Sur la proportionnalité de l’engagement de caution, elle rappelle qu’il appartient à la caution de rapporter la preuve du caractère manifestement disproportionné de son engagement'; que pour apprécier la disproportion, le créancier peut se fier aux informations données par la caution dans sa fiche de renseignements, laquelle est alors opposable à la caution'; qu’en l’absence d’anomalies apparentes le créancier n’a pas à vérifier l’exactitude des déclarations de la caution'; et que la caution doit être loyale et ne doit pas communiquer des informations erronées ou dissimuler des informations.
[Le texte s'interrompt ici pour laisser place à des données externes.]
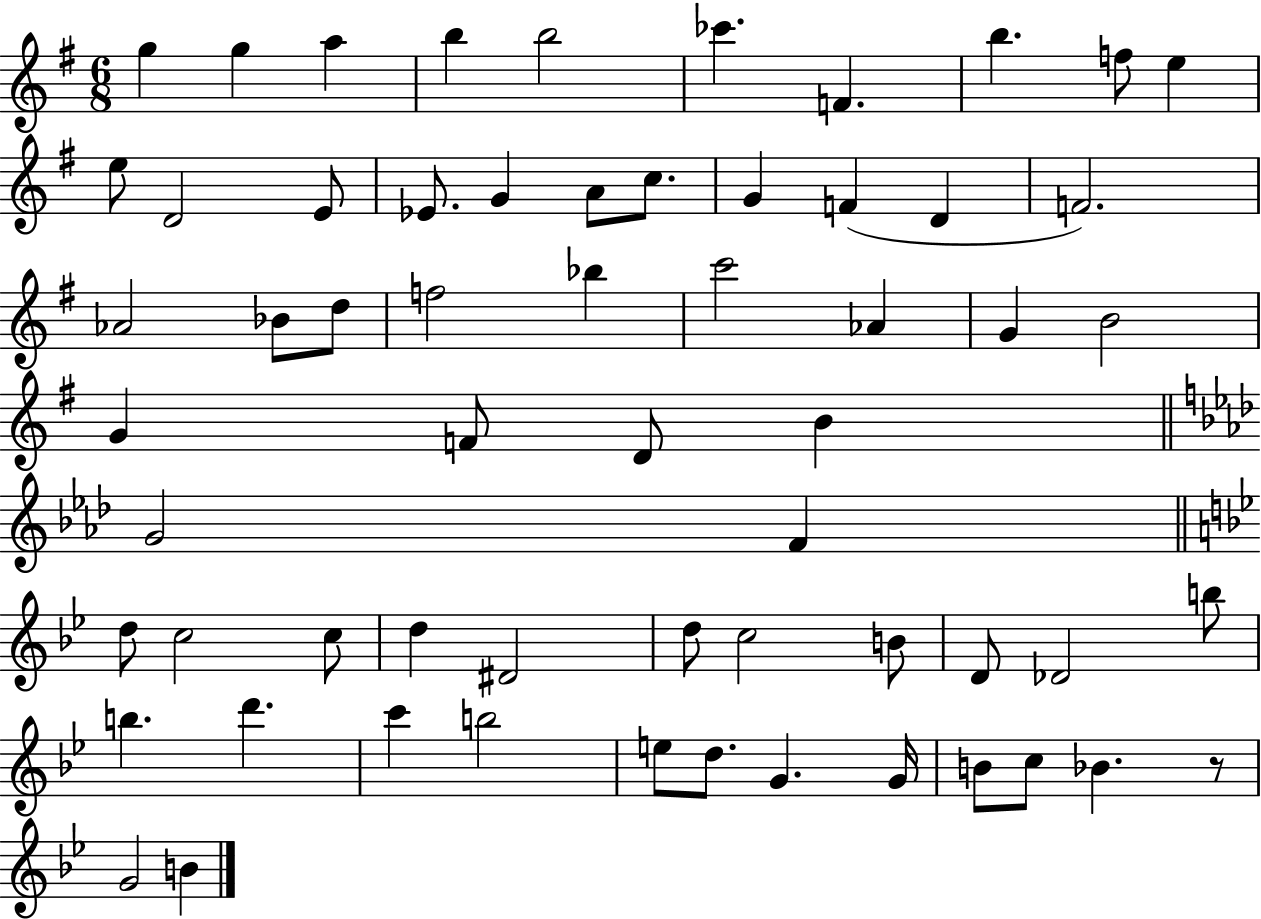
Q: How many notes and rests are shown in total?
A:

Elle fait valoir qu’en l’espèce, elle produit la fiche de renseignements remplie et signée par l’appelant faisant état d’un revenu annuel de 60.000 euros'; que M. X ne démontre pas l’existence d’anomalies apparentes justifiant la vérification de cette information et doit assumer ses déclarations'; que la dissimulation d’informations revient à se prévaloir de sa propre turpitude, de sorte que M. X ne peut invoquer la notion d’anomalie apparente dès lors qu’il a eu un comportement déloyal en communiquant des informations erronées ou en les dissimulant'; qu’aucune disproportion n’est donc caractérisée en l’espèce entre les revenus déclarés à 60.000 euros et l’engagement de caution limité à 30.000 euros. Elle ajoute que M. X n’avait indiqué aucune charge dans la fiche de renseignements, que même en tenant compte du prêt automobile dont il se prévaut aujourd’hui, aucune disproportion n’est caractérisée, et qu’il n’est pas justifié des autres engagements de caution.
MOTIFS DE LA DÉCISION
Sur la disproportion du cautionnement
L’article L.341-4 du code de la consommation dispose qu’un créancier professionnel ne peut se prévaloir d’un contrat de cautionnement conclu par une personne physique dont l’engagement était, lors de sa conclusion, manifestement disproportionné à ses biens et revenus, à moins que le patrimoine de cette caution, au moment où celle-ci est appelée, ne lui permette de faire face à son obligation.
Il incombe à la caution de prouver la disproportion du cautionnement au moment où elle s’est engagée. Mais il appartient au créancier professionnel qui entend se prévaloir du cautionnement manifestement disproportionné lors de son engagement d’établir qu’au moment où il appelle la caution le patrimoine de cette dernière lui permet de faire face à son obligation. C’est donc seulement si l’engagement était manifestement disproportionné aux biens et aux revenus de la caution lors de la conclusion du contrat qu’il y a lieu d’examiner si le patrimoine de la caution peut lui permettre de faire face à son obligation au moment où elle est appelée.
M. X s’est engagé en qualité de caution dans la limite de 30.000'euros le 16 avril 2012.
Il produit son avis d’imposition sur les revenus 2012' établissant qu’il n’a perçu que 25.000 euros en 2012. Il indique ne pas avoir de bien immobilier ou mobilier, ce qui n’est pas contesté. Il fait état d’un prêt automobile de 16.000 euros (remboursements de 700 euros par mois) et d’un autre engagement de caution pour 50.000 euros, mais n’en justifie pas.
Toutefois, la société Factofrance produit notamment la fiche de renseignements remplie et signée par la caution le 16 avril 2012. Il en ressort que M. X a déclaré':
— être célibataire sans enfants,
— percevoir des revenus annuels de 60.000 euros,
— n’avoir aucun actif immobilier (case barrée),
- «'certifier sur l’honneur l’exactitude des renseignements portés ci-dessus'».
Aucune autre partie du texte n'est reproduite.